TASK INSTRUCTIONS: Give back exactly the lines of the entries below from the line with "Adidas Hoops 3.0" to the line with "Xuyên Vào Tiểu", inclusive, and only those.

SUPPLIED RECORDS:
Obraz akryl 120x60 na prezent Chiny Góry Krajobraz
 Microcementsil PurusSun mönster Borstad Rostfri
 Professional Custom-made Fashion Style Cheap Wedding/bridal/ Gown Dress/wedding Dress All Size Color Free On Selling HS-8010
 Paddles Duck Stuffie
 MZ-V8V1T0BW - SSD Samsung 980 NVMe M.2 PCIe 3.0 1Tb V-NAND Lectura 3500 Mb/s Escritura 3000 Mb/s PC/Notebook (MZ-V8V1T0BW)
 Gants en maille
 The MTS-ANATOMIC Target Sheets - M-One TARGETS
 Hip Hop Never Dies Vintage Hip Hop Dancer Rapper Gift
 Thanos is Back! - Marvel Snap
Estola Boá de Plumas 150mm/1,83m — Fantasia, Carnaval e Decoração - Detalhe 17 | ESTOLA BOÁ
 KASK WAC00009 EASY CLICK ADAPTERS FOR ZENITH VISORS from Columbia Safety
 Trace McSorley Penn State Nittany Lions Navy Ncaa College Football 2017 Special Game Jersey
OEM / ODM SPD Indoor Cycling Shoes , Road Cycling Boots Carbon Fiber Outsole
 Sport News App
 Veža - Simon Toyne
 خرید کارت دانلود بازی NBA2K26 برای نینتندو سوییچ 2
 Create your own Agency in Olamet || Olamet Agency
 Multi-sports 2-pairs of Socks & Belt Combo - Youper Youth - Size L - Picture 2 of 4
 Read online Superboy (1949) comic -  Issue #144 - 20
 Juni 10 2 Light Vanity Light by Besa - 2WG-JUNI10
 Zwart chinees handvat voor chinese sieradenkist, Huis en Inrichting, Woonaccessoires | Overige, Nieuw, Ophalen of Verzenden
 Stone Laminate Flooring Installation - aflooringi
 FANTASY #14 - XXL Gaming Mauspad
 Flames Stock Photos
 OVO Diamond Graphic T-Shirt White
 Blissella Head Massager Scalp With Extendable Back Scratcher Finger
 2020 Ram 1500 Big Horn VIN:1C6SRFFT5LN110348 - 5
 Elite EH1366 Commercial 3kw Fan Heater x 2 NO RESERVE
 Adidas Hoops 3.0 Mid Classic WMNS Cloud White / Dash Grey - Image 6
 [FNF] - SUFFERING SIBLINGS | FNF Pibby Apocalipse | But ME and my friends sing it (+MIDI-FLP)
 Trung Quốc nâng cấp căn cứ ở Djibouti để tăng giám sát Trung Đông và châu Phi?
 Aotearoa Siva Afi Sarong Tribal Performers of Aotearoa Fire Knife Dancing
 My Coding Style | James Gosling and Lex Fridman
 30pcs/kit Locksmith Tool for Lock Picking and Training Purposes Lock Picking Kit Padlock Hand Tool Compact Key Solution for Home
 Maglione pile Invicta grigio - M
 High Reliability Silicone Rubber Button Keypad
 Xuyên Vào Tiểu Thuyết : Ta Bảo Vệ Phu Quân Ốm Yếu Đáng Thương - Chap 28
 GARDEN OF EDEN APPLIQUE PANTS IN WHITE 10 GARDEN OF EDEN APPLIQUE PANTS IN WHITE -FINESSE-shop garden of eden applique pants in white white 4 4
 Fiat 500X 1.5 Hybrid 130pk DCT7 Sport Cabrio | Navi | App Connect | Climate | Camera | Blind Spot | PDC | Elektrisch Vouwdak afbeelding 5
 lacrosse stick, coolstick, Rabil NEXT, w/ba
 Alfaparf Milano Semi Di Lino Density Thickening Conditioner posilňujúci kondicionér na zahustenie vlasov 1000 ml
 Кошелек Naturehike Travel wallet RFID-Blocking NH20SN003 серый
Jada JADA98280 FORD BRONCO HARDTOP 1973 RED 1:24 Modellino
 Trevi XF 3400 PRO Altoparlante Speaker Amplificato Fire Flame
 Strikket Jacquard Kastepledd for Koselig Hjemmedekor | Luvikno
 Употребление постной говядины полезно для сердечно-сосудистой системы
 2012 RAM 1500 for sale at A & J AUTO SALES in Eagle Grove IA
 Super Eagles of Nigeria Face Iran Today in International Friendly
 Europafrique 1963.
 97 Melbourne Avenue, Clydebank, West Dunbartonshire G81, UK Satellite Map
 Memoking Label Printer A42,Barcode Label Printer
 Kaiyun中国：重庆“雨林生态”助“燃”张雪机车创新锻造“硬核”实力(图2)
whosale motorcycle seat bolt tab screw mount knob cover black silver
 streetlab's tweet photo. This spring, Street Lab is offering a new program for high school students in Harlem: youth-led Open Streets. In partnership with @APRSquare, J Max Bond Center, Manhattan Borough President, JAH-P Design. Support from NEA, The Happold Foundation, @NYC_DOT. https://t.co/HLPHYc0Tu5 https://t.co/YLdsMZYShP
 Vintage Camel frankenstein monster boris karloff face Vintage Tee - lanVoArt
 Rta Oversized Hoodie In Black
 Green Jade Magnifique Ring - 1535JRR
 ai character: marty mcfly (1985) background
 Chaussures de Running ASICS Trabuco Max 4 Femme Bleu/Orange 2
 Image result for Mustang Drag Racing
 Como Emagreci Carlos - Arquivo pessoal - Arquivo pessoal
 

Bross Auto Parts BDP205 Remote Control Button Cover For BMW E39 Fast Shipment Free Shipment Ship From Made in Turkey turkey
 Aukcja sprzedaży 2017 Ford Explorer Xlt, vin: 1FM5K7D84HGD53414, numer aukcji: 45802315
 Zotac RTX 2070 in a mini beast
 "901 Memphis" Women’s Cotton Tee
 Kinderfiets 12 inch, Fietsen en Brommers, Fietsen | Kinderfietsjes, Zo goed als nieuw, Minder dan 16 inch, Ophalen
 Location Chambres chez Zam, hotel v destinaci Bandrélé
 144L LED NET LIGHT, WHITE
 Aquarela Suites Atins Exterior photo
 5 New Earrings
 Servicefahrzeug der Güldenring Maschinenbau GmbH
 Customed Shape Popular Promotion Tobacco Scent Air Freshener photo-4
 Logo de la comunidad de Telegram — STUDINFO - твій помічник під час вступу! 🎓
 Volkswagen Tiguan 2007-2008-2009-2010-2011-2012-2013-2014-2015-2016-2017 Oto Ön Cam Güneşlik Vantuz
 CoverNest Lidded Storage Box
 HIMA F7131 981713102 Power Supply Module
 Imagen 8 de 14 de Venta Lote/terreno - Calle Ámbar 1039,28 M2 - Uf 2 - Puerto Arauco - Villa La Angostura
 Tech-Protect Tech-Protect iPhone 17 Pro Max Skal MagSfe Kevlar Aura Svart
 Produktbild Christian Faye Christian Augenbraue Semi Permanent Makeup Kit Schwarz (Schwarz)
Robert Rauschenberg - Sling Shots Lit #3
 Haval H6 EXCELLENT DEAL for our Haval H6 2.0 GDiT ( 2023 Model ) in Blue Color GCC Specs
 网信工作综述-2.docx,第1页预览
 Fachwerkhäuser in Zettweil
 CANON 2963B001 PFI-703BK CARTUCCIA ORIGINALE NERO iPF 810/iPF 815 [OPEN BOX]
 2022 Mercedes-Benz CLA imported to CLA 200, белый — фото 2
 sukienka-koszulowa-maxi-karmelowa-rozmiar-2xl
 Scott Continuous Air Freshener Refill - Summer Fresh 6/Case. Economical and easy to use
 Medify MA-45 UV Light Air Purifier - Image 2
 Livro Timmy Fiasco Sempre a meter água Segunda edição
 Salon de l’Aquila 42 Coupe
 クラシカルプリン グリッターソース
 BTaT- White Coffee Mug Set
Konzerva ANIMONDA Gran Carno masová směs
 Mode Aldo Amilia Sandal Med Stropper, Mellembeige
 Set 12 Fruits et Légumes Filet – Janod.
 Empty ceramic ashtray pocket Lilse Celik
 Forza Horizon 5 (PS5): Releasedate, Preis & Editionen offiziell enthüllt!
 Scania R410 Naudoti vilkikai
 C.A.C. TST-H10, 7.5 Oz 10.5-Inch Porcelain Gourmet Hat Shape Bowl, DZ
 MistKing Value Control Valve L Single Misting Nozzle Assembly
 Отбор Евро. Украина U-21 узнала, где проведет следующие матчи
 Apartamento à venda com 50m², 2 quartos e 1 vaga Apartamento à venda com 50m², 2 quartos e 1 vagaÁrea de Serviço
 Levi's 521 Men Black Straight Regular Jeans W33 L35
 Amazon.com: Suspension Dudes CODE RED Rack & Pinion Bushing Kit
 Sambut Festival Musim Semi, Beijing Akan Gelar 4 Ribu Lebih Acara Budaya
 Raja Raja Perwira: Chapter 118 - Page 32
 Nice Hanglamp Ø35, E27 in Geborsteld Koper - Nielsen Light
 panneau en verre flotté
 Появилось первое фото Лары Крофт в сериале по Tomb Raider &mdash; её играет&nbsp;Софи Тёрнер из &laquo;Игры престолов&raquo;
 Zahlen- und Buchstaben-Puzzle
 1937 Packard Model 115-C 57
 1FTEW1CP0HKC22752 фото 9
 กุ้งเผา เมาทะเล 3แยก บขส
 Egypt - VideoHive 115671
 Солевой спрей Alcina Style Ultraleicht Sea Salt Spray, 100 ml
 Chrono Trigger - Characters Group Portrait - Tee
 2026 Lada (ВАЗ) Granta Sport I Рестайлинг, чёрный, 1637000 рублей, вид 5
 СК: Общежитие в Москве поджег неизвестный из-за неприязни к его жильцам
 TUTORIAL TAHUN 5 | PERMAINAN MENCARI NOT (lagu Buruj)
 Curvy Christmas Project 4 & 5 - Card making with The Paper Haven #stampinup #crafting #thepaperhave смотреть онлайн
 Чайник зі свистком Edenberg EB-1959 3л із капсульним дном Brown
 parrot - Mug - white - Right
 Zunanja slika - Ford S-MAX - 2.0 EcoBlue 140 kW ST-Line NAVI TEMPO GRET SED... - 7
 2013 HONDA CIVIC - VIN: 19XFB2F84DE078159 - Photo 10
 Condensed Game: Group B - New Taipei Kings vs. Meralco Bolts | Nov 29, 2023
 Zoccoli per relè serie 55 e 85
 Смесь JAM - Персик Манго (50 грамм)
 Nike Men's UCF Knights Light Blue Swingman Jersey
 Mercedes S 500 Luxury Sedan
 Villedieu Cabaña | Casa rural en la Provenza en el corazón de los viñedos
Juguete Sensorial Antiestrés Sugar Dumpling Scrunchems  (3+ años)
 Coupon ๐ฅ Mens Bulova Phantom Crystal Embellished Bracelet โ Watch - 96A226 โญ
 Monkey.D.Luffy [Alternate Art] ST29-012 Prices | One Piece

SOLUTION TO THIS PROBLEM:
 Adidas Hoops 3.0 Mid Classic WMNS Cloud White / Dash Grey - Image 6
 [FNF] - SUFFERING SIBLINGS | FNF Pibby Apocalipse | But ME and my friends sing it (+MIDI-FLP)
 Trung Quốc nâng cấp căn cứ ở Djibouti để tăng giám sát Trung Đông và châu Phi?
 Aotearoa Siva Afi Sarong Tribal Performers of Aotearoa Fire Knife Dancing
 My Coding Style | James Gosling and Lex Fridman
 30pcs/kit Locksmith Tool for Lock Picking and Training Purposes Lock Picking Kit Padlock Hand Tool Compact Key Solution for Home
 Maglione pile Invicta grigio - M
 High Reliability Silicone Rubber Button Keypad
 Xuyên Vào Tiểu Thuyết : Ta Bảo Vệ Phu Quân Ốm Yếu Đáng Thương - Chap 28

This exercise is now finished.